#### [Problem statement]
The entries below contain pictures, which are to be left out; write out exactly, and only, the lines from the line with "ASOS DESIGN –" up to and including the line with "EUC CUTE UNDER".

··· Given records

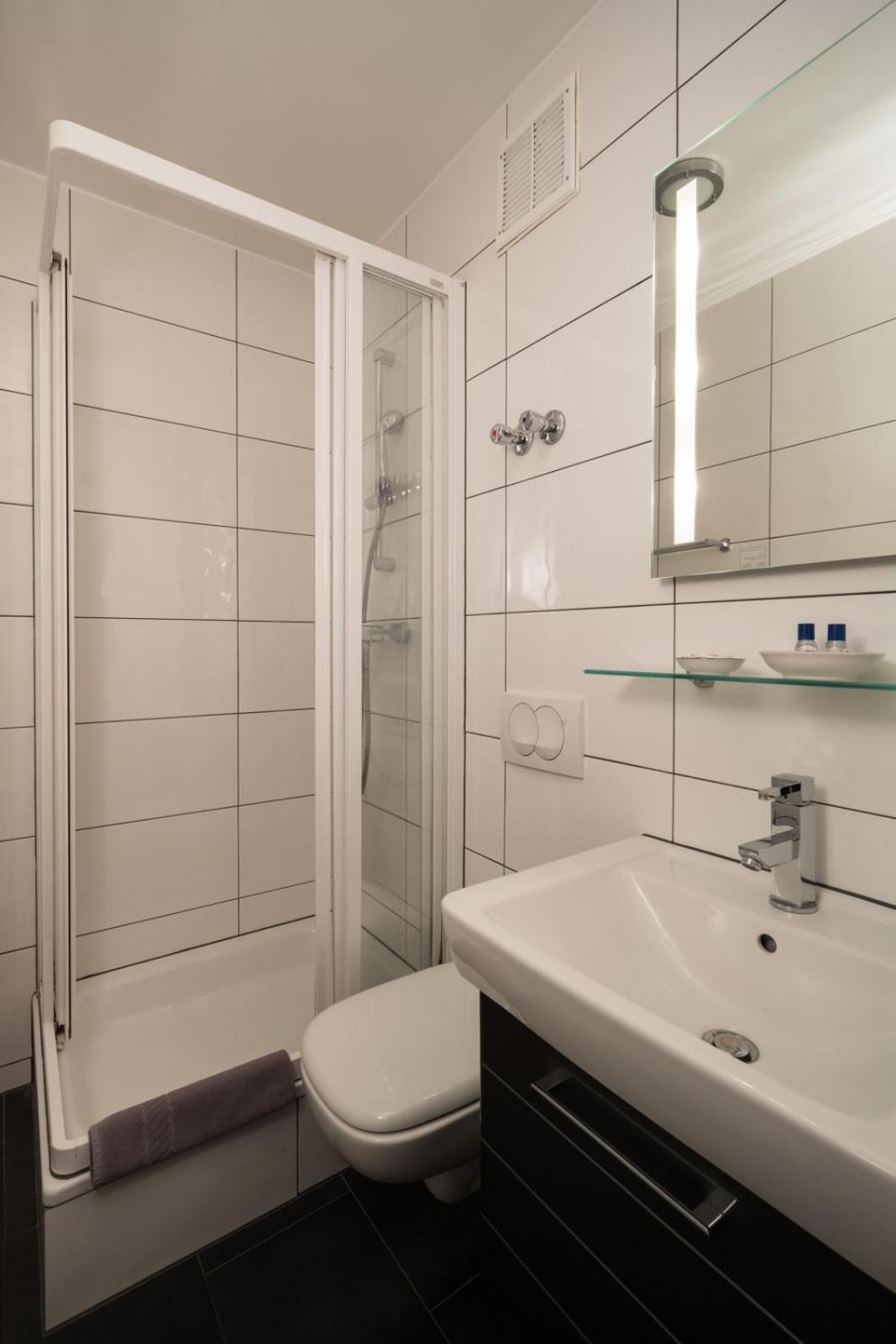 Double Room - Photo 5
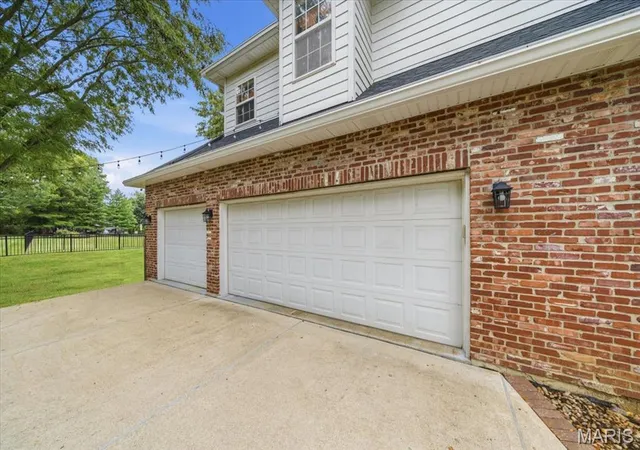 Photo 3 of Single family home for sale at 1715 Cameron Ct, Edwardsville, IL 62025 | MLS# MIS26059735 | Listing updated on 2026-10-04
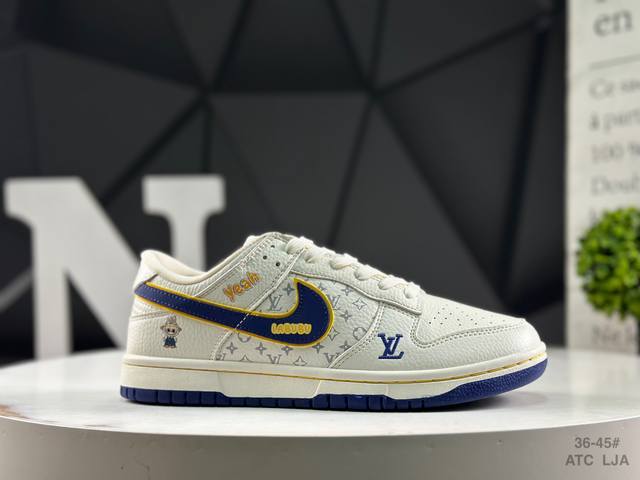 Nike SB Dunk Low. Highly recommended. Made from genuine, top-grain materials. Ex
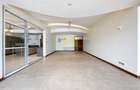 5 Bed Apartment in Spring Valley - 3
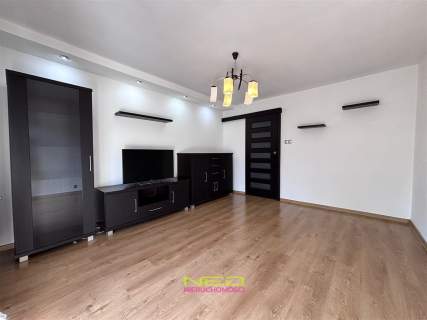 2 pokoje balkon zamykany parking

······
··· Given records

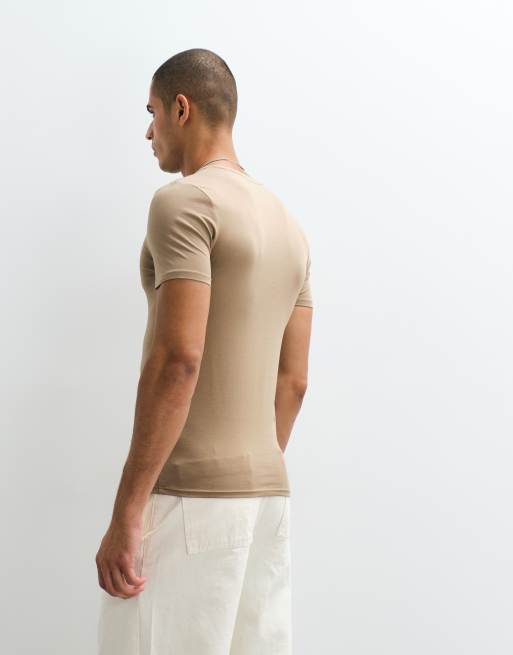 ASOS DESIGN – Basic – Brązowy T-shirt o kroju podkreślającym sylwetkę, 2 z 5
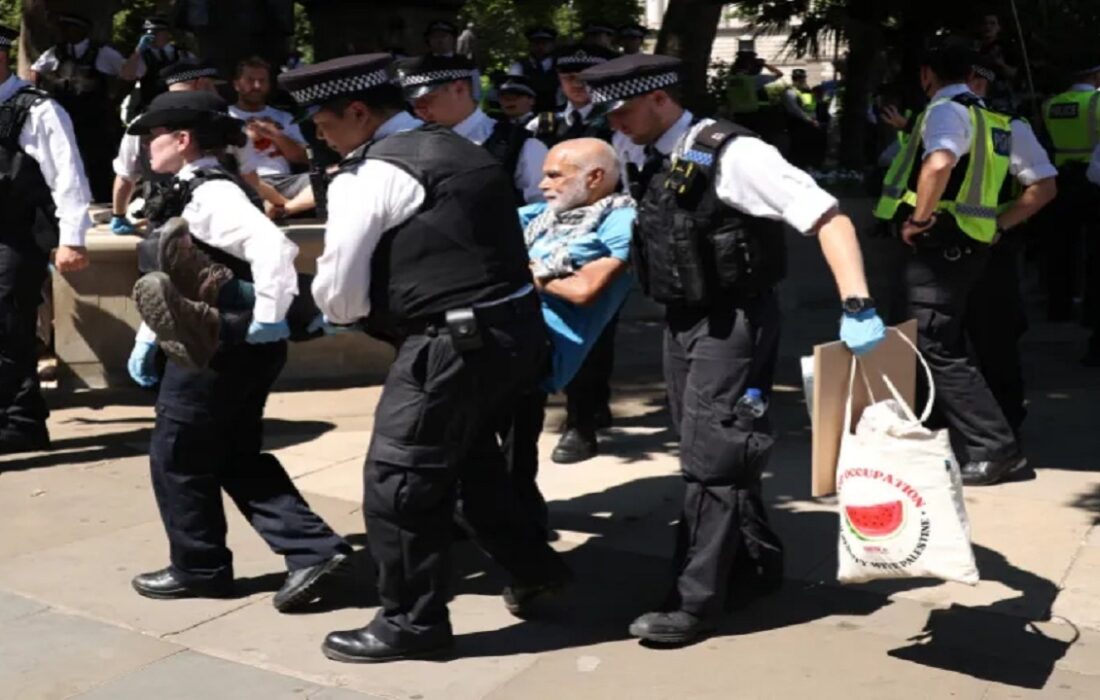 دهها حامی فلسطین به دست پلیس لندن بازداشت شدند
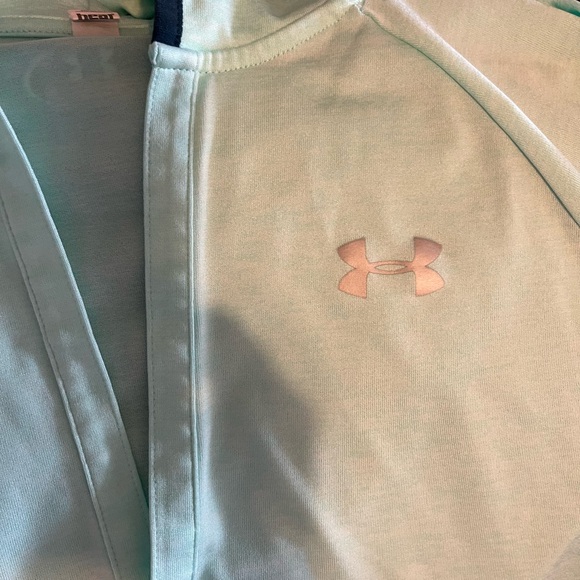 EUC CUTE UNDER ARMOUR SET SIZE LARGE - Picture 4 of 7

······

#### [Response]
 ASOS DESIGN – Basic – Brązowy T-shirt o kroju podkreślającym sylwetkę, 2 z 5
 دهها حامی فلسطین به دست پلیس لندن بازداشت شدند
 EUC CUTE UNDER ARMOUR SET SIZE LARGE - Picture 4 of 7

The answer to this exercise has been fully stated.